米国はイランとの和平合意に向けて交渉を進めているが、イスラエルは自国の正式な承認がない合意は受け入れられないと主張している。
緊張の焦点は、ワシントンがイスラエルの安全保障を妥協させることなく、地域の安定を確保する地域的解決策を最終決定できるかにある。この合意には主要な敵対国の核計画と軍事的姿勢が含まれるため、その結果は中東の戦略的バランスを変化させる可能性がある。
イスラエル当局者は、浮上している合意は「壊滅的な屈立(catastrophic capitulation)」であると述べた [1]。また、この合意は自国の安全保障上の目的を満たしておらず、将来的な脅威に対して国を脆弱な状態に置く可能性があると主張している [2]。この摩擦は、2月28日に始まったイランと米国の戦争後、米国が敵対関係を終わらせ、地域の安定を回復させようとする中で生じている [3]。
外交的な葛藤は、国内の圧力によってさらに複雑化している。交渉はイスラエルの選挙年に行われており [4]、この政治状況により、いかなる国際合意もイスラエルの主権にとっての勝利と見なされるようにしなければならないという、ベンジャミン・ネタニヤフ首相への圧力が高まっている。
相反する報告は、両同盟国間の複雑な権力関係を示唆している。一部の報道によれば、米国は正式な同意なしにイスラエルの軍事行動に影響を与えることができ、過去に米国がネタニヤフ首相を説得し、部隊を撤退させてベイルートへの攻撃を中止させた事例を挙げている [5]。しかし、イスラエル指導部は、公正な合意を実効性のあるものにするには、自国の明確な同意が必要であるとしている。

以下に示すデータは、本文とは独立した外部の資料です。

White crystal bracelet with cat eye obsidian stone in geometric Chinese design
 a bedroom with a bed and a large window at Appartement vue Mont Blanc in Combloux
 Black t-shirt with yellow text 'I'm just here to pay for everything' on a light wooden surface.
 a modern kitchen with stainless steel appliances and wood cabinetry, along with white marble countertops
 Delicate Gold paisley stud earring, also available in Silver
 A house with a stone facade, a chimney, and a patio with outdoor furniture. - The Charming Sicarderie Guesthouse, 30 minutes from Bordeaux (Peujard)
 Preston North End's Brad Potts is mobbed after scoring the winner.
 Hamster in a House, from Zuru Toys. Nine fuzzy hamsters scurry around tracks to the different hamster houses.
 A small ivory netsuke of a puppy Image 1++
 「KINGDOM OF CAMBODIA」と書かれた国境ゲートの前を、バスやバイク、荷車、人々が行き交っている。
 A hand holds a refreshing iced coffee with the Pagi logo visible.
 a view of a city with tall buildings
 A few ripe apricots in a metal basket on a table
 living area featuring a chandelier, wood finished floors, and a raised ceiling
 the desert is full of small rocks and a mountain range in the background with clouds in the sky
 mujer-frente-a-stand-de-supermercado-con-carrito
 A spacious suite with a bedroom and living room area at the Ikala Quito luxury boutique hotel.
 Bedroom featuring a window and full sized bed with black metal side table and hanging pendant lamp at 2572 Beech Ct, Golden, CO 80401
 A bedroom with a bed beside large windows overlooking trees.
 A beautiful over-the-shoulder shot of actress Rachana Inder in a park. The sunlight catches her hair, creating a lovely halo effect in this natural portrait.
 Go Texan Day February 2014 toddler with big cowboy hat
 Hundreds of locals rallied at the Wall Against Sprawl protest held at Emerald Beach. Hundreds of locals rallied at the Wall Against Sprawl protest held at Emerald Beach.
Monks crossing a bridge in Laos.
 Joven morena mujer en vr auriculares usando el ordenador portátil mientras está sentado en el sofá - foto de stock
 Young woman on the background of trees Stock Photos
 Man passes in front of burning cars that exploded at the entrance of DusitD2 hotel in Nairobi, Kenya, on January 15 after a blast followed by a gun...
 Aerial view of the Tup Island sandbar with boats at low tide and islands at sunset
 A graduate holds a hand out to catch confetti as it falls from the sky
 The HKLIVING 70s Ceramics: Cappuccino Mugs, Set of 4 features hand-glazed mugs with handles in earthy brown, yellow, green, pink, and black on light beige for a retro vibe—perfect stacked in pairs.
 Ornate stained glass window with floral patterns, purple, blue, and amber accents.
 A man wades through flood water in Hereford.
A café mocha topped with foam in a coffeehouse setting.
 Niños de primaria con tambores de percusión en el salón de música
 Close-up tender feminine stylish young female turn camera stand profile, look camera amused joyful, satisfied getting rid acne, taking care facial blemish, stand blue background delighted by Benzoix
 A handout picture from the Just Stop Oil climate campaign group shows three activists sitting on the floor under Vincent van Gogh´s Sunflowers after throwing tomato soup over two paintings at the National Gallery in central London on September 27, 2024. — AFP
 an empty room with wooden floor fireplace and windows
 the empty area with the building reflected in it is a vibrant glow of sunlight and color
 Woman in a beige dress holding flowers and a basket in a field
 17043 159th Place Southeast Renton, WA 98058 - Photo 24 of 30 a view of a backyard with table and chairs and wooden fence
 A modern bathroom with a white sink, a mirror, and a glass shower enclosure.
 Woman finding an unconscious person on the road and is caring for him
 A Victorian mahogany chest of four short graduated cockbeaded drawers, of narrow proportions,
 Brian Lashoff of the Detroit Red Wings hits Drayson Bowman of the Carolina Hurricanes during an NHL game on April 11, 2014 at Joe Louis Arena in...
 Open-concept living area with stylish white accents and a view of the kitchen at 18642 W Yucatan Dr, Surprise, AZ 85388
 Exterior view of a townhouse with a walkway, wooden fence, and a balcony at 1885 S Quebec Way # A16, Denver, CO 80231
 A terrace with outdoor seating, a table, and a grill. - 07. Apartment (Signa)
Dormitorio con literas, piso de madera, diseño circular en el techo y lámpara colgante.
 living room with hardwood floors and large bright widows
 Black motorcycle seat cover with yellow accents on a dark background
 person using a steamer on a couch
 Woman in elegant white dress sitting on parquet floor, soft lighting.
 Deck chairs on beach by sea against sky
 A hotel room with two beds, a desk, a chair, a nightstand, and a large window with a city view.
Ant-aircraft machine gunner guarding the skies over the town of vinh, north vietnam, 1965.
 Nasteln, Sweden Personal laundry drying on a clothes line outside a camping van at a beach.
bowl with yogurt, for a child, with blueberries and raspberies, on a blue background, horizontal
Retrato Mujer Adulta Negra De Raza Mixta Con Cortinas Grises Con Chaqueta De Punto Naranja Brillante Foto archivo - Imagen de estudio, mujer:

テヘラン側は、指導部が合意への扉を閉じたわけではないと述べた [6]。米国が解決に向けて働きかけを続ける一方で、エルサレムが求める安全保障要件とワシントンの外交目標との間の溝は依然として深い。またイランは、米国が提案した変更に伴い、合意案を修正する意思があるとも述べた [7]。
“壊滅的な屈服”
イラン合意を巡る米国とイスラエルの摩擦は、米国の外交政策における繰り返される緊張、すなわち「広範な地域の安定の達成」と「主要同盟国の具体的な安全保障の維持」とのバランスを浮き彫りにしている。もし米国がイスラエルの承認なしに手続きを進めた場合、中東におけるより独立した外交戦略への転換を意味することになり、繊細なイスラエル選挙サイクルの中で二国間関係を緊張させる可能性がある。